One of the best ways to track the intensifying competitiveness of the Rolex New York Yacht Club Invitational Cup is the number of teams taking time to train in Newport in advance of this year's edition, which is scheduled for September 6 to 13 at the New York Yacht Club Harbour Court in Newport, R.I.

Greater than half of the 20 teams entered in the Invitational Cup have travelled to Newport this summer to sail in at least one IC37 class regatta. Each of the four U.S. teams has made the journey, as have three from Ireland and one each from Australia, Canada, Great Britain and Sweden. In sum, Invitational Cup teams have committed 64 race days to the pursuit of one of sailing’s most prized trophies, and that doesn’t include travel and practice.

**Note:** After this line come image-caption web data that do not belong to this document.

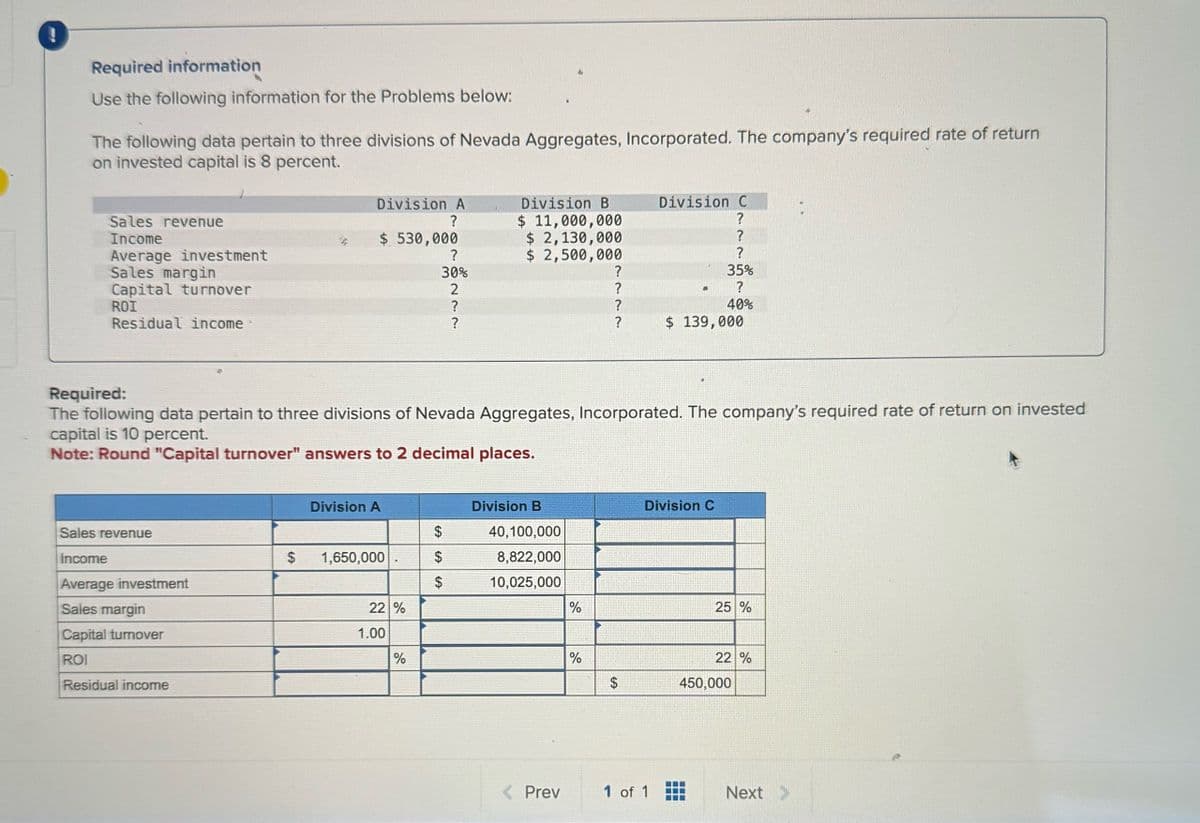 Required information
Use the following information for the Problems below:
The following data pertain to three divisions of Nevada Aggregates, Incorporated. The company's required rate of return
on invested capital is 8 percent.
Sales revenue
Income
Division A
?
Division B
Division C
$ 11,000,000
?
$ 530,000
$ 2,130,000
?
Average investment
?
$ 2,500,000
?
Sales margin
30%
?
35%
Capital turnover
2
?
?
ROI
Residual income
?
?
?
40%
?
$ 139,000
Required:
The following data pertain to three divisions of Nevada Aggregates, Incorporated. The company's required rate of return on invested
capital is 10 percent.
Note: Round "Capital turnover" answers to 2 decimal places.
Division A
Division B
Division C
Sales revenue
$
40,100,000
Income
$
1,650,000
$
8,822,000
Average investment
$
10,025,000
Sales margin
22 %
%
25 %
Capital turnover
ROI
Residual income
1.00
200
%
%
$
69
22 %
450,000
< Prev
1 of 1
Next >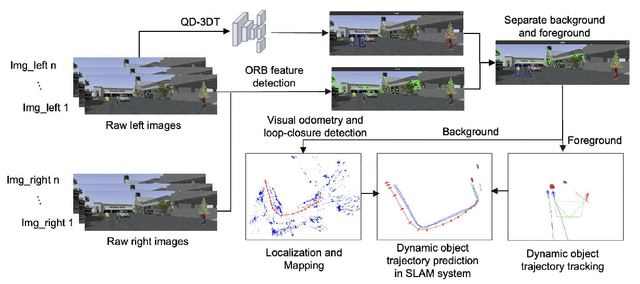 Figure 2 for A Visual SLAM with Moving Object Trajectory Prediction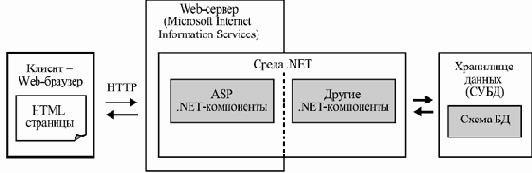 ��������� .NET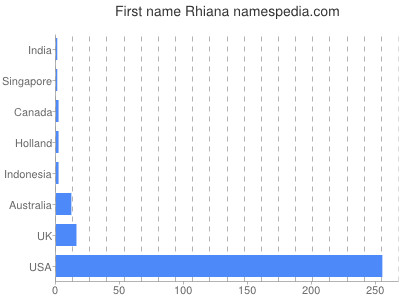 Given name Rhiana
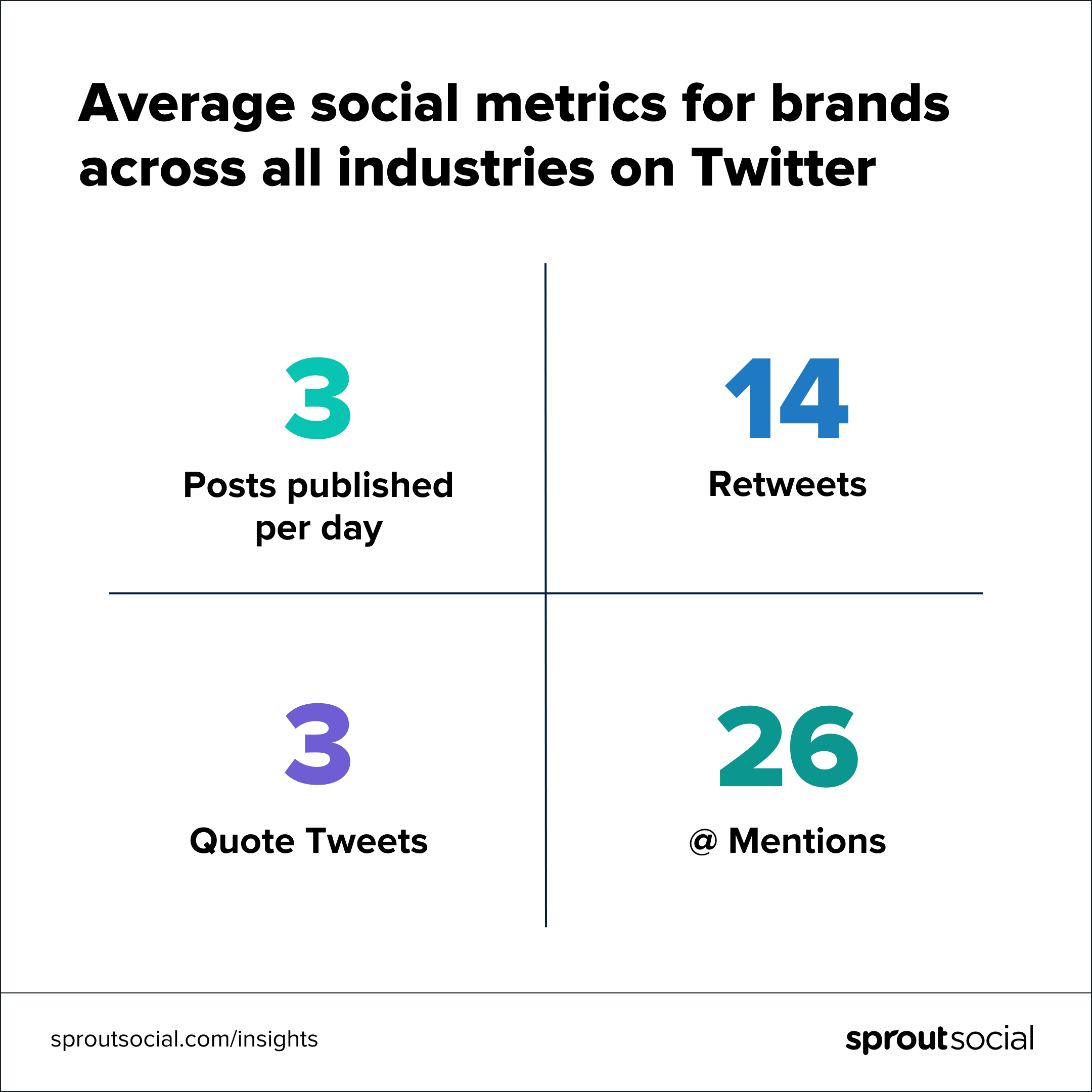 نموداری که میانگین معیارهای اجتماعی را برای برندها در تمام صنایع در توییتر نشان می دهد.  به طور متوسط، برندها روزانه 3 پست منتشر می کنند.  آنها روزانه 14 ریتوییت، 3 توییت نقل قول و 26 منشن @ دریافت می کنند.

“Everyone's getting better; every iteration of the Invitational Cup, the level keeps going up,” says Wade Waddell, the skipper for Corinthian Yacht Club (above), which finished second in 2023 and has put in an all-out effort into moving one step up the podium this year. “If we rolled back to Newport in September at the same level that we were at in 2023, that might not even get us into the top five.”

Twenty teams from 13 countries will compete in the ninth New York Yacht Club Invitational Cup, a biennial regatta hosted by the New York Yacht Club Harbour Court in Newport, R.I. Since the event was first run in 2009, it has attracted top amateur sailors from 51 of the world’s most prestigious yacht clubs from 23 countries.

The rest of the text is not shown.